Deployed instance Conway's Game of Life.
Welcome to John Conway's "Game of Life"! This is a computer science classic from 1970, a program that simulates a cellular automaton (plural automata). It has connections to all kinds of different aspects of computer science and nature.
Over the course of this week, students will work on creating their own application in which users will be able to run different "Game of Life" scenarios. This module leads the reader through the fundamentals of Conways's "Game of Life" and will guide them through the process of creating an app utilizing tools and frameworks that have been taught over the course of their specific track.
The universe of the Game of Life is an infinite, two-dimensional orthogonal grid of square cells, each of which is in one of two possible states, live or dead, (or populated and unpopulated, respectively). Every cell interacts with its eight neighbours, which are the cells that are horizontally, vertically, or diagonally adjacent. At each step in time, the following transitions occur:
- Any live cell with fewer than two live neighbours dies, as if by underpopulation.
- Any live cell with two or three live neighbours lives on to the next generation.

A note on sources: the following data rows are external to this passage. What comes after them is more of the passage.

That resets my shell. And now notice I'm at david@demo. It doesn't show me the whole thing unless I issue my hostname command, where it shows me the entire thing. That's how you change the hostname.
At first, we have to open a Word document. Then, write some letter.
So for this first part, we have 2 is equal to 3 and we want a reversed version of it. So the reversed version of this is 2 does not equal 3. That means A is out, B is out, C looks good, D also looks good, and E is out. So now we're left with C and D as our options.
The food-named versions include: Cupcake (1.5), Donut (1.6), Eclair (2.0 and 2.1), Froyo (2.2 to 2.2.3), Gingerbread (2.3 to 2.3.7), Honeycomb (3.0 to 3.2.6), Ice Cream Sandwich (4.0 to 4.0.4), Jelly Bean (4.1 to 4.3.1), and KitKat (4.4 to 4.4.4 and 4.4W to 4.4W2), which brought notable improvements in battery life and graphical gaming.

- Any live cell with more than three live neighbours dies, as if by overpopulation.
- Any dead cell with exactly three live neighbours becomes a live cell, as if by reproduction.

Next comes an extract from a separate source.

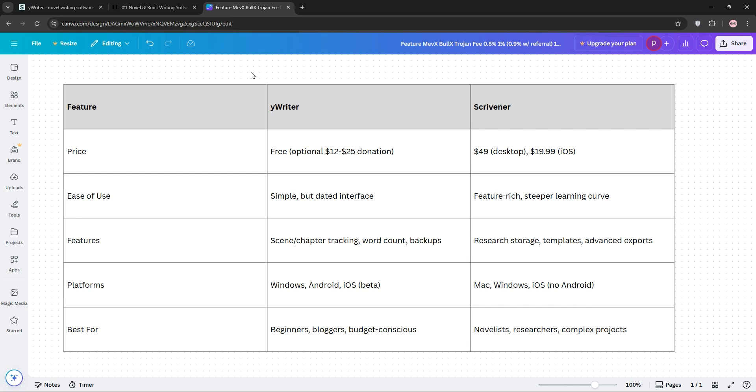YWriter is best for beginners or bloggers on a budget, while Scrivener is for novelists or researchers tackling big projects.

These rules, which compare the behavior of the automaton to real life, can be condensed into the following:
- Any live cell with two or three live neighbours survives.
- Any dead cell with three live neighbours becomes a live cell.
- All other live cells die in the next generation. Similarly, all other dead cells stay dead.
The initial pattern constitutes the seed of the system. The first generation is created by applying the above rules simultaneously to every cell in the seed; births and deaths occur simultaneously, and the discrete moment at which this happens is sometimes called a tick. Each generation is a pure function of the preceding one. The rules continue to be applied repeatedly to create further generations.